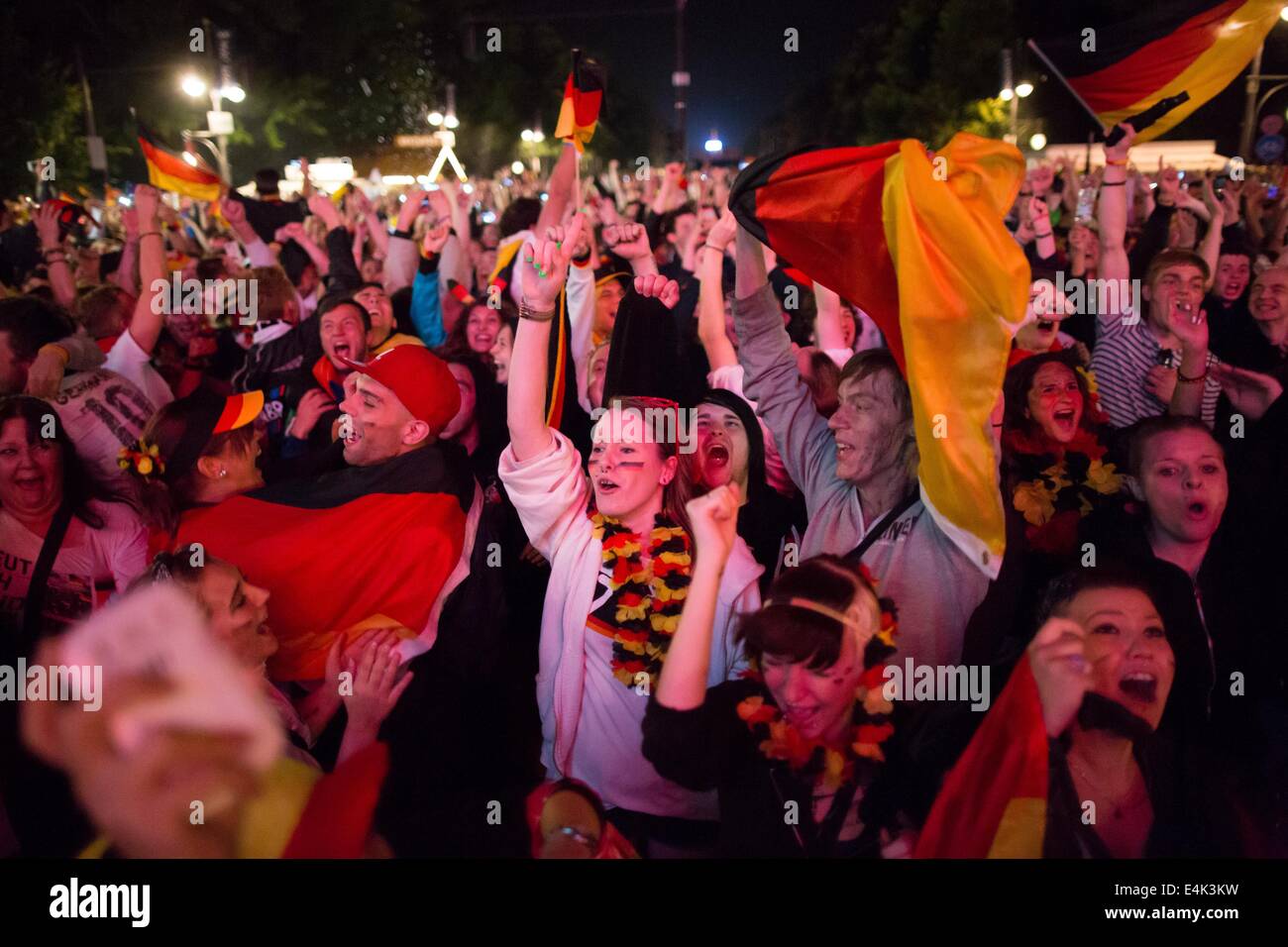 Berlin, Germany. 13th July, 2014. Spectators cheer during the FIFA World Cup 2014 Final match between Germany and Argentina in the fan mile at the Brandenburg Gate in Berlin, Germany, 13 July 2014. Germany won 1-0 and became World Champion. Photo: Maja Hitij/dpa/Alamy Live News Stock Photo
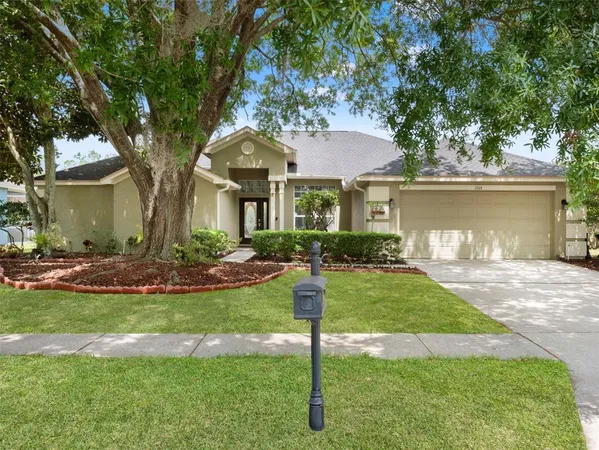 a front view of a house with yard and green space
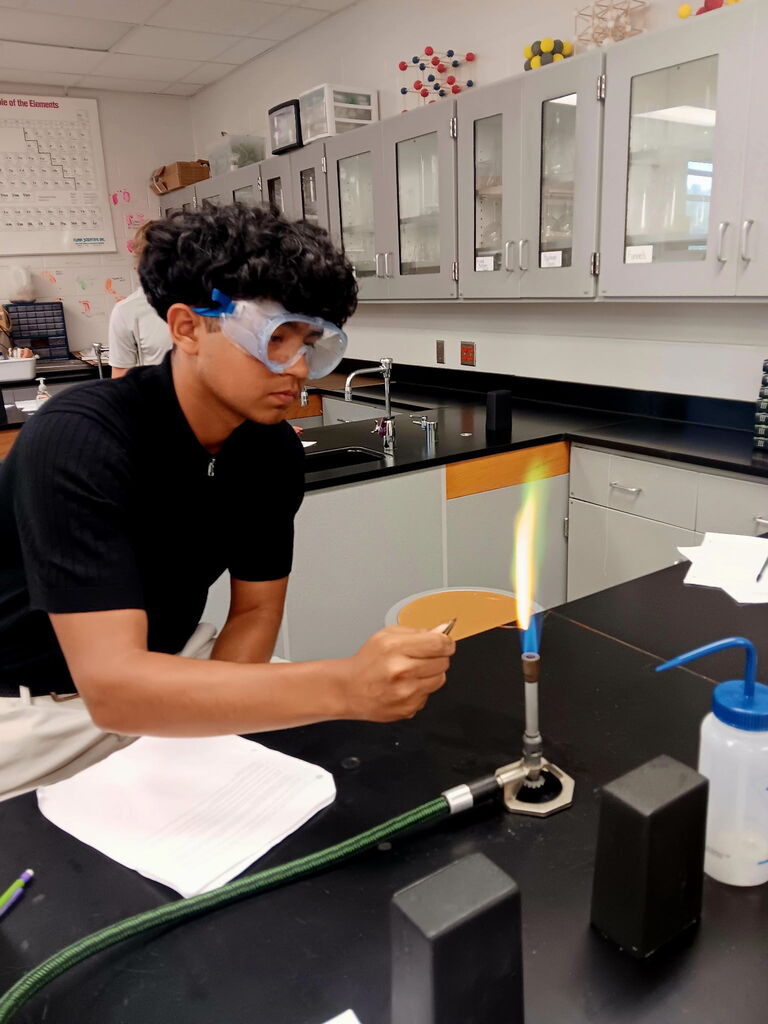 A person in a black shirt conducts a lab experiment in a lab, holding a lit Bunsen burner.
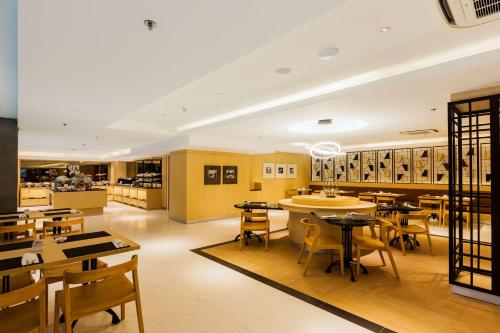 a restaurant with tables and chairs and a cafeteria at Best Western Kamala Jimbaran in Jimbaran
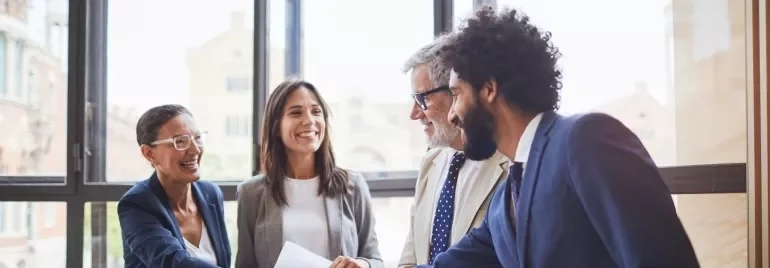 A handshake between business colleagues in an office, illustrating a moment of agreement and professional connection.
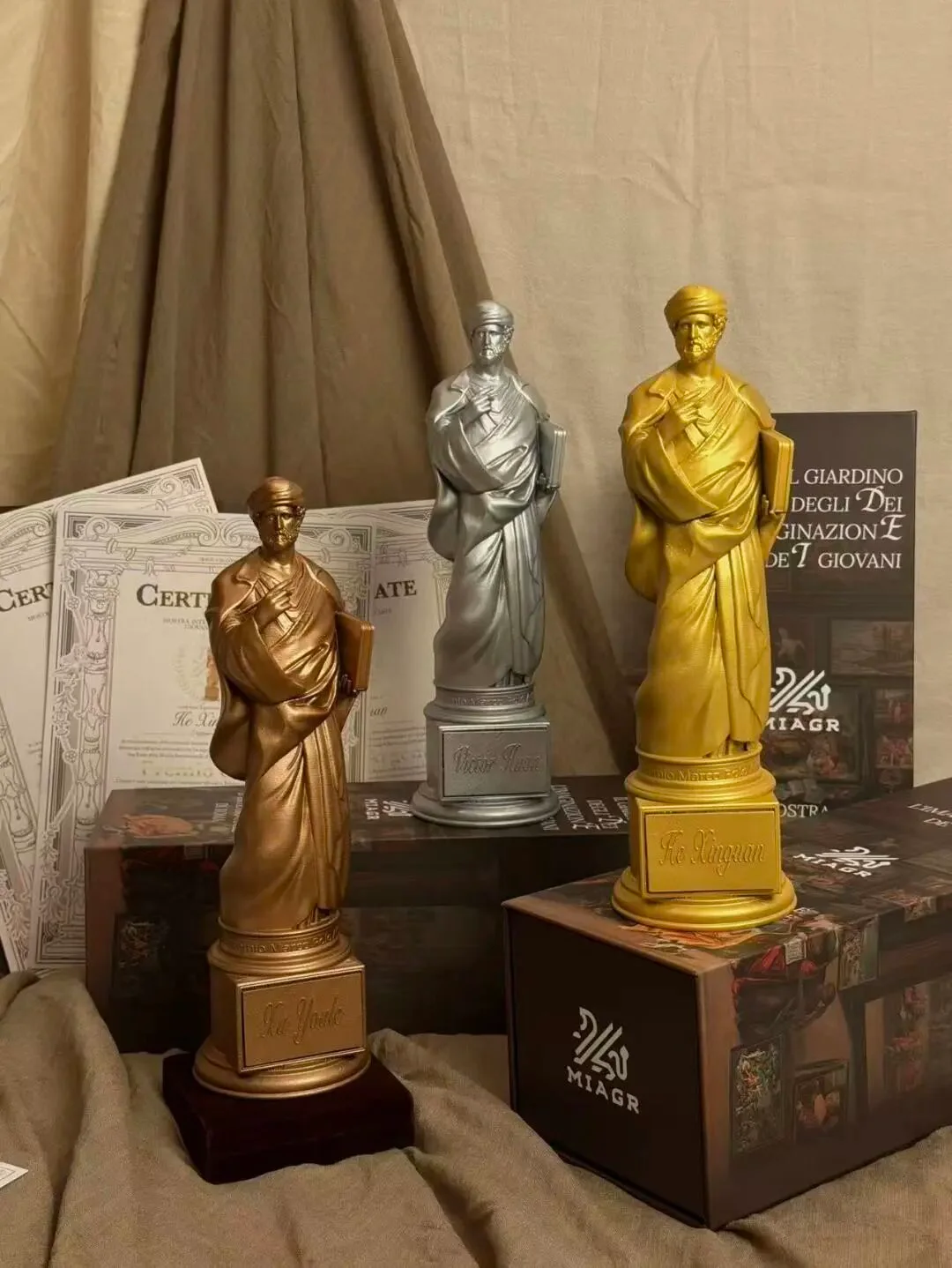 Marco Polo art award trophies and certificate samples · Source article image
★ ★ ★ ★ ★
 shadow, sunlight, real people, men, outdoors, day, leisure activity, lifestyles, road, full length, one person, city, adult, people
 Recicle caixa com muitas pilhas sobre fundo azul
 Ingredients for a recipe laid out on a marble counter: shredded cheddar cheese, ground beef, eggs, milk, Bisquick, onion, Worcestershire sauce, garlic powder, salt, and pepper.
★ ★ ★ ★ ★
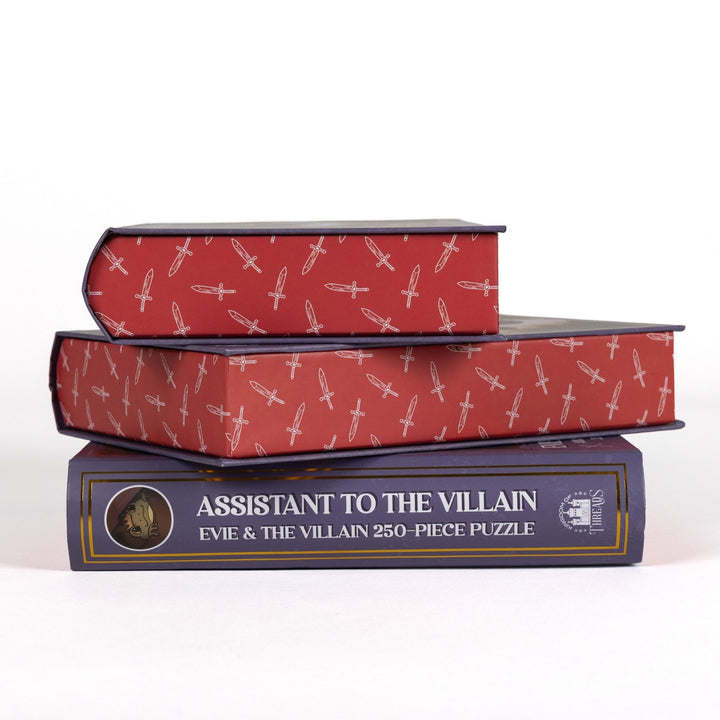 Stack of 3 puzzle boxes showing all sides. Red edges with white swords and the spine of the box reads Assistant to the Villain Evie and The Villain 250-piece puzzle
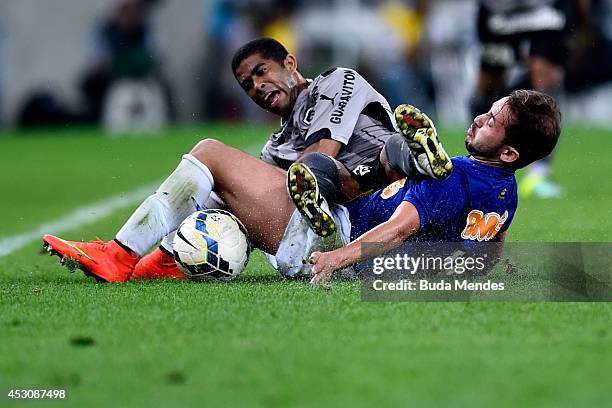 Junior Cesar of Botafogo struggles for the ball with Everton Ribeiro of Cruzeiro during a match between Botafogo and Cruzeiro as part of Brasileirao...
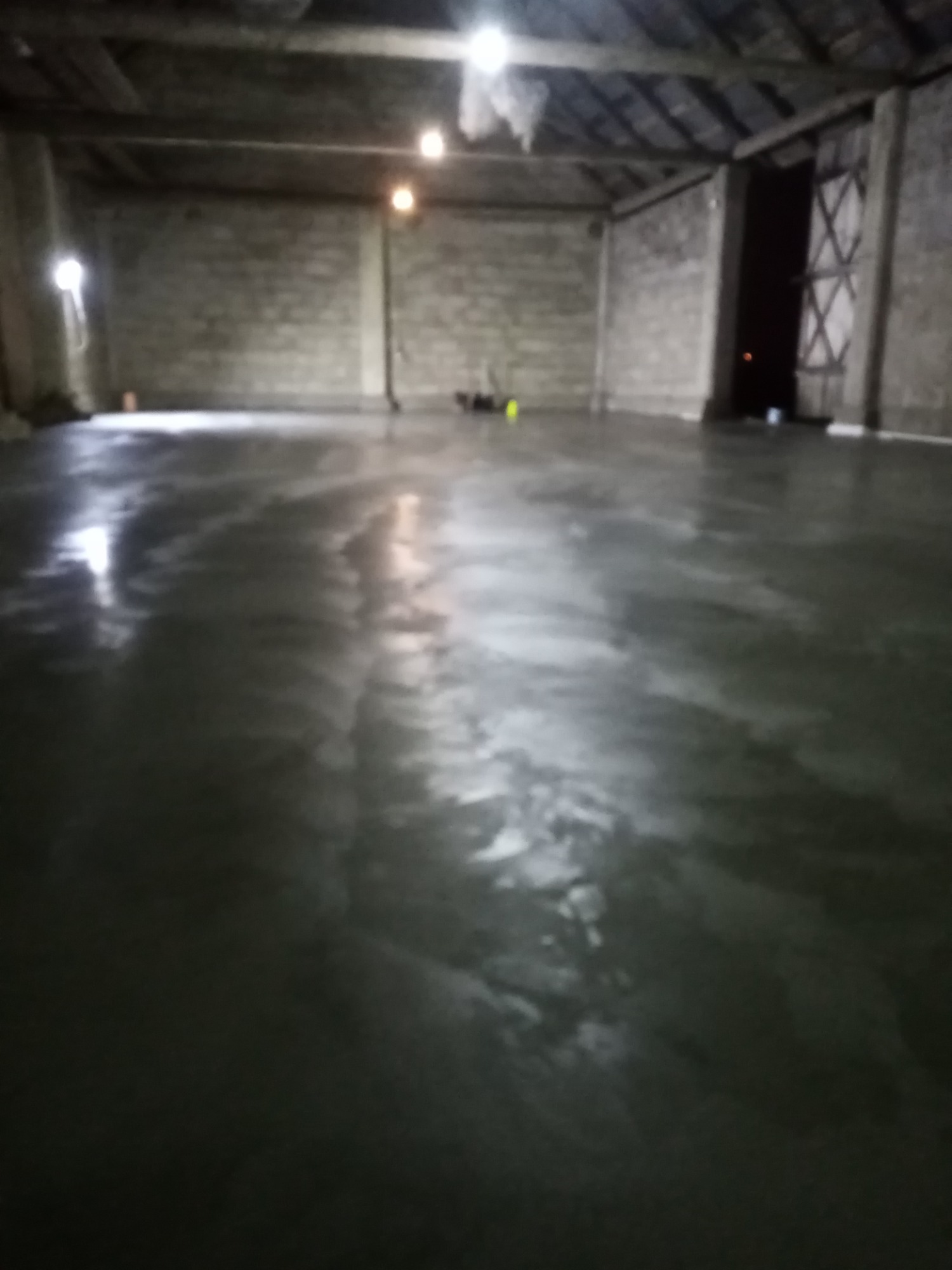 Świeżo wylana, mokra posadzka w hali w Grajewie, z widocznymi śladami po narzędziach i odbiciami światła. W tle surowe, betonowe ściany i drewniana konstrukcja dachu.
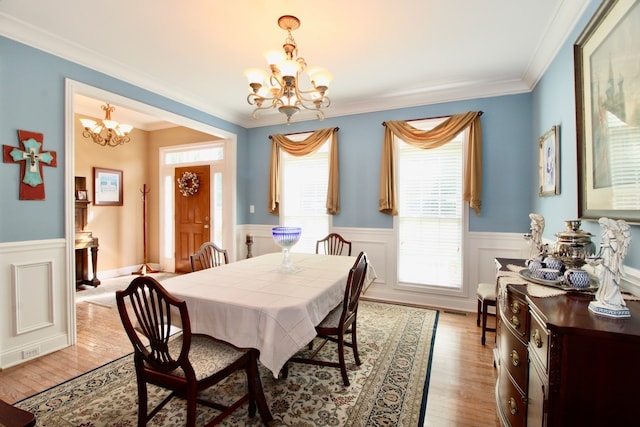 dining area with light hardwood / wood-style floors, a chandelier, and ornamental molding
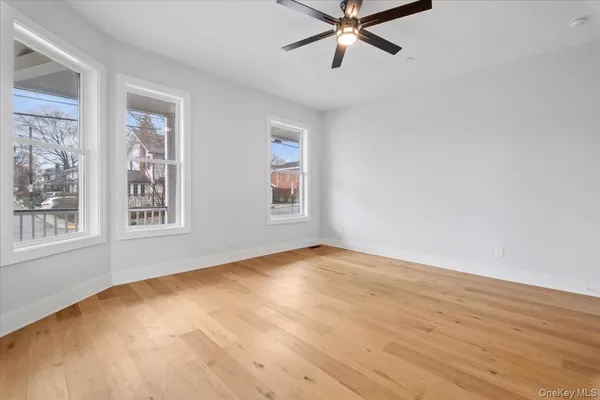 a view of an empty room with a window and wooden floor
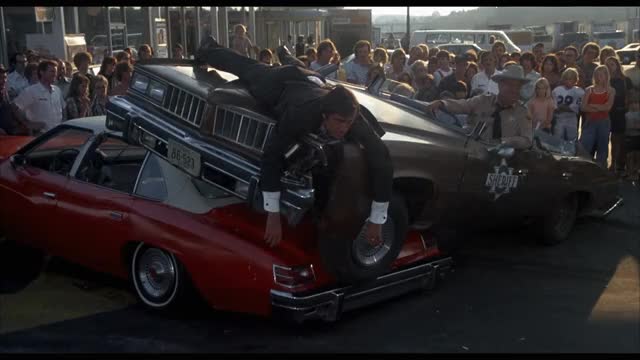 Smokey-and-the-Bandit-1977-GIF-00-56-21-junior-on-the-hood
★ ★ ★ ★ ★
> [Assigned task] Pictures aside, return exactly the lines from the data above, starting at the line that has "Berlin, Germany. 13th" and ending at the line that has "Marco Polo art", both included.

> [Answer to this exercise]
 Berlin, Germany. 13th July, 2014. Spectators cheer during the FIFA World Cup 2014 Final match between Germany and Argentina in the fan mile at the Brandenburg Gate in Berlin, Germany, 13 July 2014. Germany won 1-0 and became World Champion. Photo: Maja Hitij/dpa/Alamy Live News Stock Photo
 a front view of a house with yard and green space
 A person in a black shirt conducts a lab experiment in a lab, holding a lit Bunsen burner.
 a restaurant with tables and chairs and a cafeteria at Best Western Kamala Jimbaran in Jimbaran
 A handshake between business colleagues in an office, illustrating a moment of agreement and professional connection.
 Marco Polo art award trophies and certificate samples · Source article image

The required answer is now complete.